Book Review: It Must’ve Been Something He Wrote

Title: It Must’ve Been Something He Wrote
Author: Nikita Deshpande
Pages: 265
Price: Rs. 350

It Must’ve Been Something He Wrote by Nikita Deshpande is a fun, contemporary read. Book snob Amruta – Ruta – is a marketing executive at Parker-Hailey’s Publishing, in Delhi. She is young, finding her way in a new city and almost an idealist. A tough boss, shoestring marketing budgets and high expectations keep her on her toes.

And if that wasn’t enough, she also has to survive being a publicist for Jishnu Guha, whom she just cannot tolerate. Guha is the best-selling author of seven cheesy romance novels. And let’s just say that she isn’t a fan!

Deshpande chooses her words well. The language is conversational and descriptive. She evens throws in a few colloquial phrases without being too jarring. However, the characterization left me wanting. All the characters seem to speak in the same voice, and there’s little differentiation or variation. I wish they had been etched out a little more. I also felt that the quality of writing was inconsistent. Some bits were beautifully written. Some others read like a last-minute revised draft.

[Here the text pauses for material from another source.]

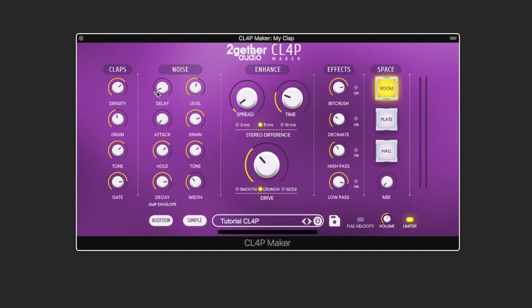The attack parameter controls the fading in of the noise. Hold adjusts for how long the noise level will remain constant before decaying. The drive, which blends the impulses and the noise bursts together, has three different sounding modes. Now we'll use the spread circuit with adjustable amount and time — also the time difference between stereo channels — to widen and multiply our clap. You can get a variety of flavours from this.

While the book is set in Delhi, there was nothing specific pinning it down to the city, except perhaps the backdrop of the publishing industry. But it is an urban story. It is also a very contemporary read. And social media and the Internet play an important role in how the plot evolves. I simply loved how Deshpande resolves a conflict, making good use of the Internet. And that she does it so casually is delightful.

The book also offers a peek into the dynamics of modern-day publishing and marketing. I interned at Crossword, a decade ago, and it was interesting to note the many changes.

I enjoyed reading It Must’ve Been Something He Wrote. And I read it fairly quickly. There’s something warm and friendly about Deshpande’s writing. And it reveals itself very strongly in her Acknowledgements. It’s long, but it’s heartfelt. And it tells the reader just how important this book is to Deshpande.